**Work item**
Leaving out the pictures, output the lines from the one that contains "Now the first" through the end of the material, exactly as they stand.

**Data below**
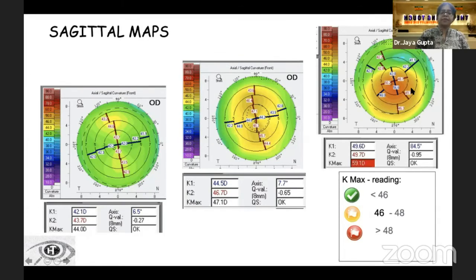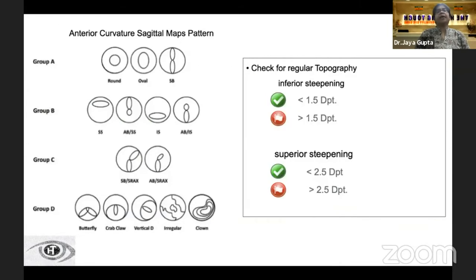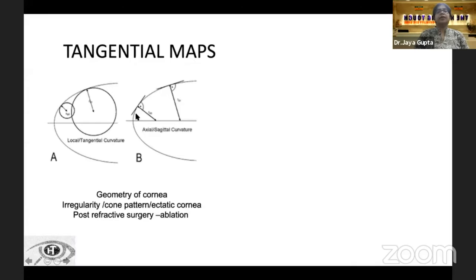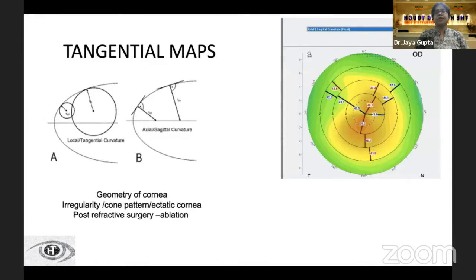A Kmax difference between the two eyes should be less than 2 diopters. The different topographic patterns include round, oval, symmetric bowtie, superior steepening, or inferior steepening. Anything beyond 1.5 diopters of inferior steepening or beyond 2.5 diopters of superior steepening is a red flag. The tangential maps are more relevant to cornea surgeons, helping identify irregularity or cone patterns, and post-refractive surgery they can be used to assess how well the ablation is centered.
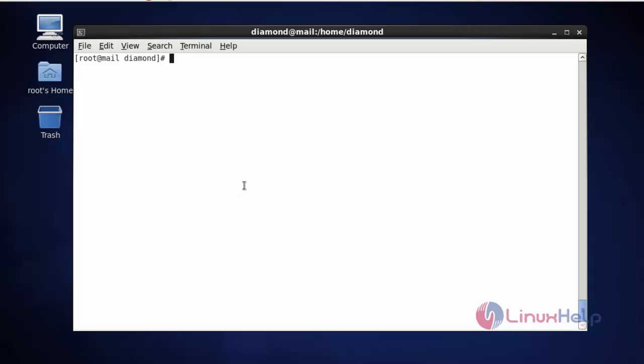Now the first step is to switch into the Zimbra user. Type su -zimbra and press enter. Now I have switched into the Zimbra user.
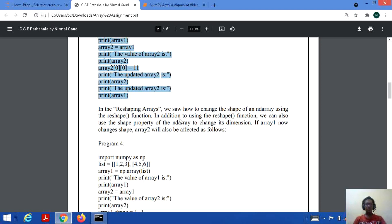We have also studied about the concept of reshaping arrays in previous lectures. We used to change the shape of an ndarray with the help of a reshape function. In addition to the reshape function, we also have a shape property, with which we can change the dimension of an array — for example, we can change the dimension from rank 2 to rank 1.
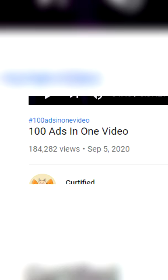Now the crazier part is this video somehow got a hundred and eighty thousand views, even though the title is literally just 'a hundred ads in one video.'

**Written response**
Now the first step is to switch into the Zimbra user. Type su -zimbra and press enter. Now I have switched into the Zimbra user.
We have also studied about the concept of reshaping arrays in previous lectures. We used to change the shape of an ndarray with the help of a reshape function. In addition to the reshape function, we also have a shape property, with which we can change the dimension of an array — for example, we can change the dimension from rank 2 to rank 1.
Now the crazier part is this video somehow got a hundred and eighty thousand views, even though the title is literally just 'a hundred ads in one video.'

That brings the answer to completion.